Table 5. Compound 1 in cc conformation and compound 2: APT and AAT relevant components (xz, yz, zz) (a.u.) of C and O atoms are reported in the reference Cartesian system of each carbonyl group, with the z-axis pointing towards the O atom, and the y-axis pointing towards the nearby asymmetric carbon C*.

Compound 1 (cc Conformer)
Atom	APT(xz)	APT(yz)	APT(zz)	AAT(xz)	AAT(yz)	AAT(zz)
C	−0.105	−0.006	1.313	−0.154	0.118	0.041
O	0.040	0.021	−1.224	0.173	−0.150	−0.061
Compound 2
Atom	APT(xz)	APT(yz)	APT(zz)	AAT(xz)	AAT(yz)	AAT(zz)
C	−0.195	−0.053	1.542	−0.309	0.260	0.318
O	0.128	0.056	−1.358	0.305	−0.311	−0.225

for 1 in the cc conformation and for 2), considering in all cases that the z-axis is directed along the C=O bond and the y-axis points toward the nearby asymmetric carbon C*. It can be observed that the APT do not change much from compound 1 to compound 2 (Tables S1A,B and S2 and Table 5), while variations in AAT components are more important, particularly the AAT zz component of both the carbon and oxygen atoms. This confirms the interpretation that the purely magnetic part is important, and these compounds are particularly useful to show the effect because the almost parallel orientation of the two carbonyls does not permit large coupled dipole contributions. The analysis is particularly simple for the two C₂-symmetric molecules, namely 1-cc conformer and 2, exhibiting similar structures and a similar normal mode pattern for the carbonyls. Analogously to what was observed in the ECD case, comparison of model molecules with just one C=O (Table S1) and with one carbonyl and one C=C group in the α,β position (Table S2B) or β,γ position (Table S2C) suggests that the C=C moiety in the β,γ position makes a large contribution to the AAT and enhances the rotational strength of the carbonyl stretching mode. With the C=C moiety in the α,β position, however, a non-negligible rotational strength is calculated due to contributions from in-plane bending of the nearby olefinic hydrogens. Similar enhancement of VCD spectra, besides being observed, analyzed and explained in ref. [36], have been recently obtained in the case of α-amino acids due to N-acetyl and N-acryloyl substitutions in Reference [37].

4. Conclusions

From the compounds of this work and the sensitivity of the VCD technique, we were able to pinpoint signatures from different conformers: in the case of compound 1, a C₂-symmetry cc-conformer and two non-symmetric cb-conformers which are equivalent under C₂-rotation. The underlying conformational pattern had already been suggested through semiempirical and DFT calculations, available also for evaluating the corresponding ECD spectra. The latter, however, do not show high sensitivity in this case: only VCD confirms in a detailed fashion the theoretical findings. With the aid of calculations performed to obtain ECD and VCD spectra, the role of the C=C double bond on ketone C=O optical activity has been elucidated.
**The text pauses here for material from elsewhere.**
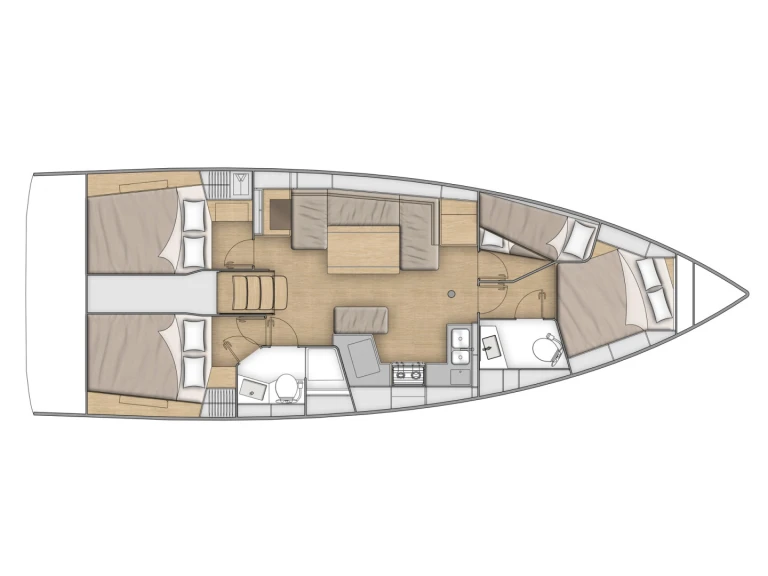 Sailboat for rent Néa Péramos at the best price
Electronic absorption and ECD for the electrical dipole forbidden n→π* C=O transition provide evidence for enhancement from the C=C moiety: the β,γ position is oriented more effectively than the α,β position concerning the intensity, while the opposite happens considering frequency. Considering magnetic dipole forbidden C=O stretching, in cases for which the coupled dipole mechanism can be disregarded, VCD receives contributions from the C=C moiety in both the α,β position and β,γ. A similar situation had been observed and analyzed also in other diketones [36]. So, once again, the synthesis and availability of appropriate compounds have been demonstrated to be quite valuable for elucidating the electronic effect through chiroptical spectroscopies. We think that this adds a small independent contribution to research on the homoconjugation phenomenon, which is still receiving attention via both new experiments and theories [38,39].